On Feb. 13, artist and author Diane Williams presented a talk at Red Emma’s Bookstore on the life and legacy of BB King, one of the most influential blues musicians of all time. As a wide-ranging retrospective, it dealt not only with the life and music of BB King, but also with the history of blues itself, from its conception to its current space in the music world. 

Williams began her talk with some of the most famous aspects of BB King’s past — his unique style of playing the guitar, his constant touring (averaging around 300 days a year at its peak) and the 15 children he had with different women across America. 

However, a truly compelling moment was learning about how King experienced those moments that came to represent his legacy.

For example, Williams described just how King began to play the guitar with his signature shimmering vibrato when he was under the apprenticeship of his mother’s cousin, Bukka White. 

Bukka, also a blues musician, loved to play the guitar with a slide, but King was never able to do it as well as him. In order to overcome this musical gap, King started playing his notes with a trill, giving them a quality that had never been heard in blues before. 

Next, she explored his tours in detail as a black singer from the South traveling in the 1950s and 1960s, when Jim Crow laws were still in place. King did not hide his opposition to segregation. His widespread popularity among both black and white audiences was in itself a searing indictment of that system. 

“If he would go to a gas station and be told by the attendant that he couldn’t use their bathroom even though he was paying for the gas, he would just leave, no matter how much gas he had left,” Williams said. 

The decades on the road took great physical and emotional toll on King, but one of its most poignant effects was what it did to his relationship with his children. 

Williams narrated a particular incident when King went to a get-together where several of his children had attended (who were young at the time), and when King got on the stage to play for the children, the first thing he said was — “Y’all don’t even know who I am, do you?”

Besides describing King’s life in such vivid detail, Williams also spoke about how she managed to collect this information. One of the most engrossing descriptions of this process of research came about in Williams’ attempt at interviewing King. 

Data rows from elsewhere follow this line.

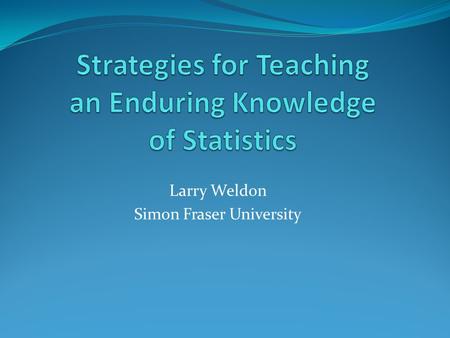 Larry Weldon Simon Fraser University. Service vs Mainstream? A troublesome dichotomy! “mainstream” students need to understand applications “service”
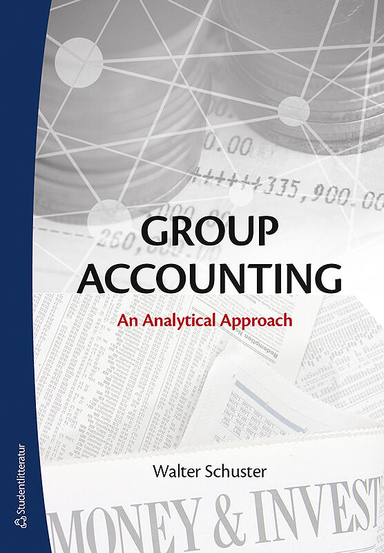 Group accounting : an analytical approach; Walter Schuster; 2017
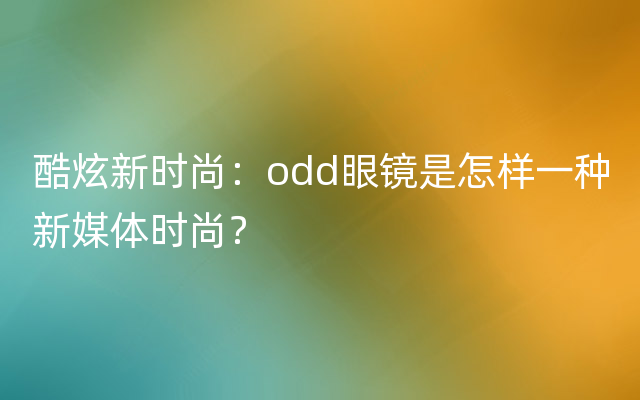 酷炫新时尚：odd眼镜是怎样一种新媒体时尚？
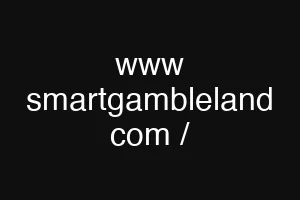 www smartgambleland com /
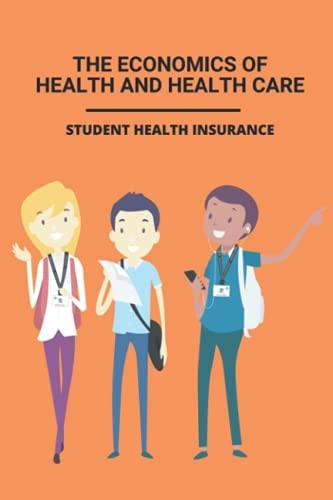 The Economics Of Health And Health Care Student Health Insurance: Student Health Insurance Book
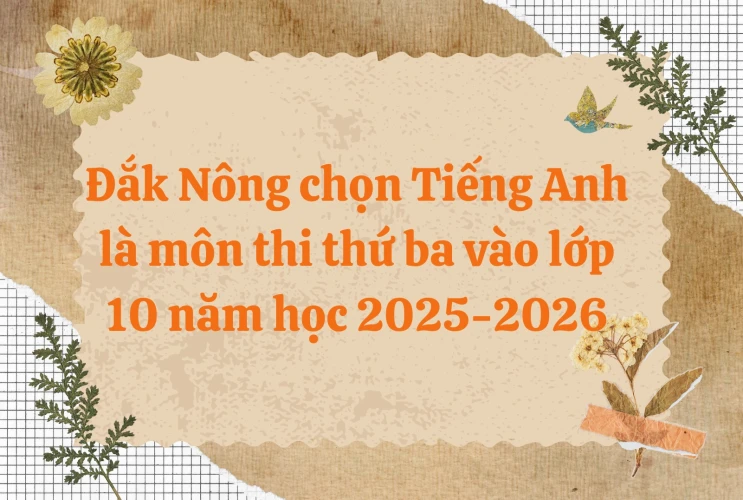 Đắk Nông chọn Tiếng Anh là môn thi thứ ba vào lớp 10 năm học 2025-2026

After watching him in concert in 2014, she realized that she was staying in the same hotel as King and his band. 

His bandmates told her to speak to King in the morning, since nobody was allowed to disturb him at night. 

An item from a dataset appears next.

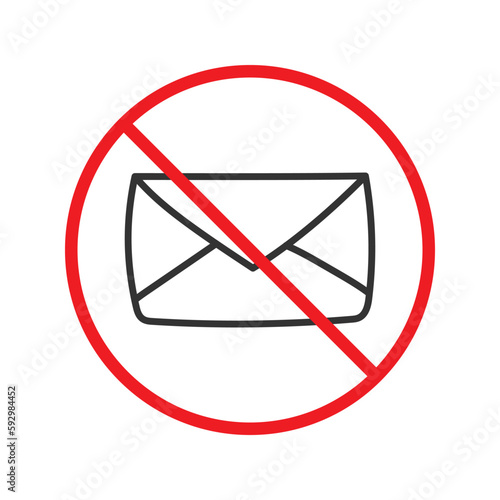 Forbidden mailing icon. Do not send message vector sign. Prohibited envelope vector icon. Warning, caution, attention, restriction. No spam icon.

The morning however, brought with it an earthquake, and in the ensuing commotion, King had left the hotel. 

Future attempts to interview him would turn out to be impossible, as King’s health began to decline, and he died in May 2015. The process was not entirely unfruitful; the attempts led to her meeting Mary Alice Sniff, King’s stepdaughter, whose interviews and documents gave her the bulk of her information for her talks and her book on King’s life. 

One of the most appealing parts of the talk was how participatory it was. Williams often asked questions, took questions and comments from the audience, sang songs with us and encouraged us to add to her stories. 

For Williams, it was simply a way of “carrying forward the great tradition of story, of dance and music,” and one that was particularly engaging for the subject we were discussing. 

Finally, Williams spoke about how the legacy of King, as well as blues music in general, would impact music and culture in the future.

“The thing about blues was it represented the lived experience. And kids today will not make the same music because they have not had the same experience,” she said. 

However, the most important thing is “to remember the roots,” be it in rock, country music or hip-hop, which have all been shaped in their own way by blues, and even BB King himself.